Afghanistan was one of the defining political struggles of my generation. I was only a boy when I watched on television as American and allied troops landed in the country, under the pretext of catching the masterminds behind the September 11 attacks. But the “War on Terror” that the Bush administration unleashed with that invasion, and the brutal occupation that ensued, made the world a dangerous place for all Muslims and Arabs, as “terror” became synonymous with our faith and national origins. Afghanistan — together with Iraq and Palestine — became a pillar of our global consciousness, a frontline to assert our humanity against a superpower that had effectively deemed our identities a threat.
Twenty years later, that occupation came to a long-awaited, yet ultimately horrifying end.
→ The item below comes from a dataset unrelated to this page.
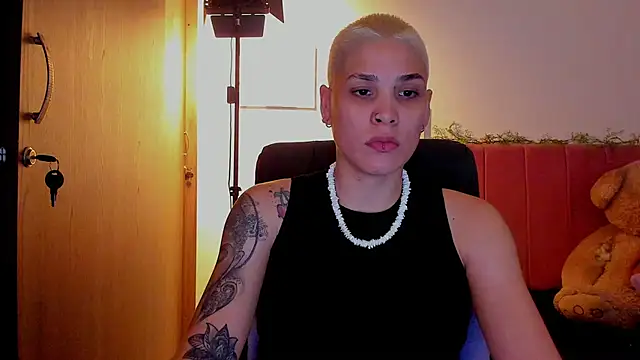 Snapshot of Charlee_pink chatting on April 15, 2026, 3:57 am Charlee pink online show from April 15, 2026, 3:57 am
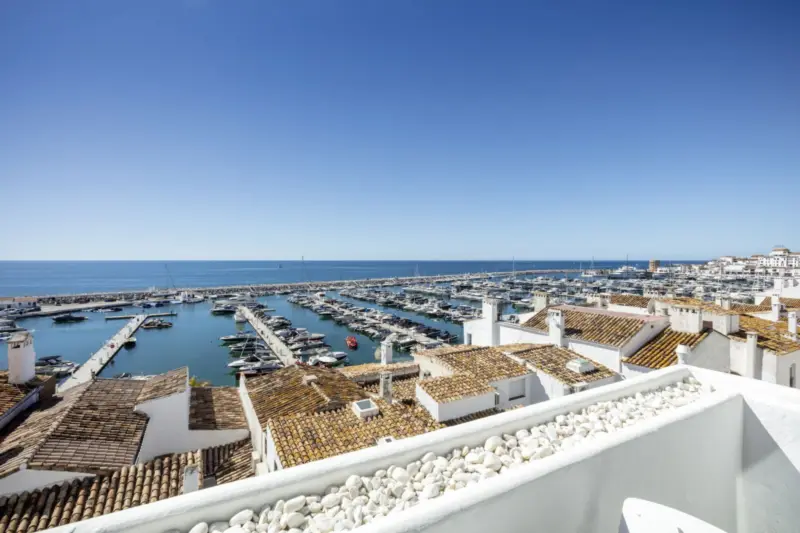 Property — Costa del Sol · Puerto Banús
As U.S. troops completed their withdrawal from Afghanistan, the Taliban — the ruthless fundamentalist movement whom the invaders had supposedly ousted — captured the entire state in a matter of days, with the Afghan government and army collapsing without much effort. The fear now gripping the country in the face of these tyrants’ return is overwhelming. The anger at America’s hollow imperial venture is palpable. Many Muslims and Arabs targeted with violence, surveillance, and racism as a result of that war are feeling their wounds once again.
Thousands of miles away, as the Taliban closed in on the capital of Kabul, Lebanon became paralyzed as fuel shortages, electricity cuts, and hyperinflation plunged the country into deeper darkness and disarray. The Lebanese political class, which has long used the state as a machine of crony capitalism and clientelism, has continued its criminal disregard for its people’s welfare, even after its negligence led to the explosion at the Beirut port last year. Entrapped by their corrupt leadership and the power plays of foreign states, a furious yet exhausted Lebanese people are increasingly feeling that their fate is being robbed from their hands.
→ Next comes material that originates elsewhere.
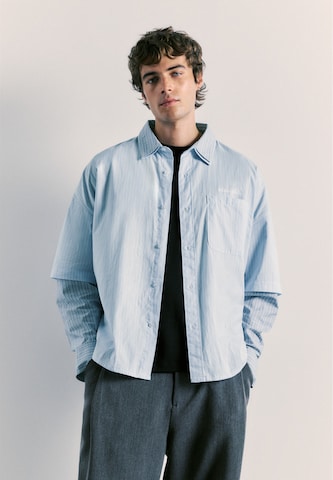 Pull&Bear Pohodlné nošení Košile – modrá: přední strana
While incomparable to the peoples’ experiences there, it has been harrowing for many Palestinians to watch these two countries crumble in the same week. Like Afghanistan for my generation, Lebanon was a focal point of our previous generation’s global consciousness, beginning with the outbreak of civil war in 1975 and intensified by Israel’s invasion in 1982. But right now, the idea of affecting political change, or even achieving some form of justice, seems fanciful amid the sense of chaos and need for basic survival. Despite our collective efforts, hope feels like a luxury, a fantastical world far from our reach.
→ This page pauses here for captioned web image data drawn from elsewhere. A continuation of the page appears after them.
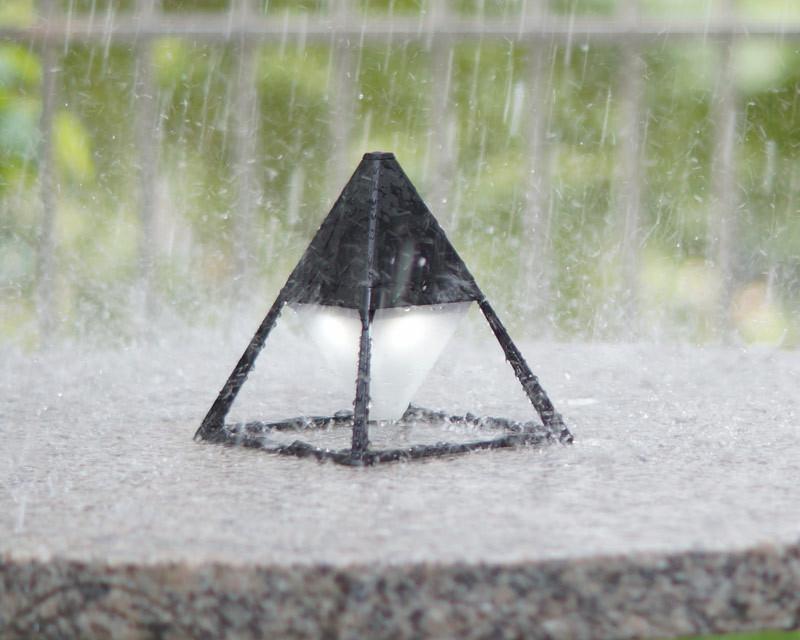 Lámpara de diamante piramidal con activación táctil para interior y exterior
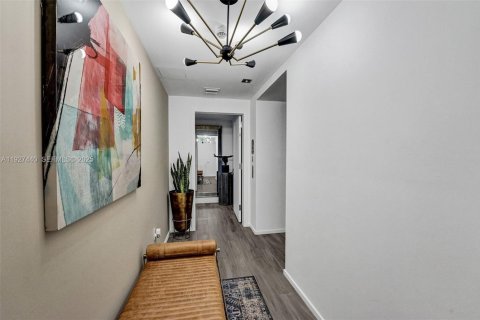 Condo in Miami, Florida, 3 bedrooms  № 1988097 - photo 3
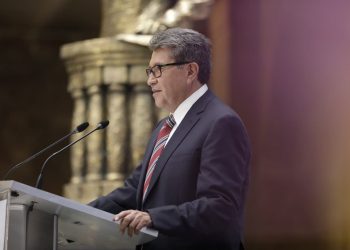 Impulsa Ricardo Monreal periodo extra para aprobar Revocación, Juicio Político y Ley de la Armada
As despairing as this week has been, there is still consolation in knowing two things. First, these catastrophes are never inevitable; just as they are inherently produced by humans, so too can their solutions be willed into being, however long they may take or difficult they may be. Second, the elites who control state institutions are not the only sources of global power; communal and grassroots solidarity — through crowdfunding, social media attention, popular protest, and more — can be forces of change, too. Even as our challenges multiply, the knowledge and resources we have at our disposal to alter history are much greater than that of our parents and grandparents before us. Hope must not be a luxury — it should be the only logical path forward.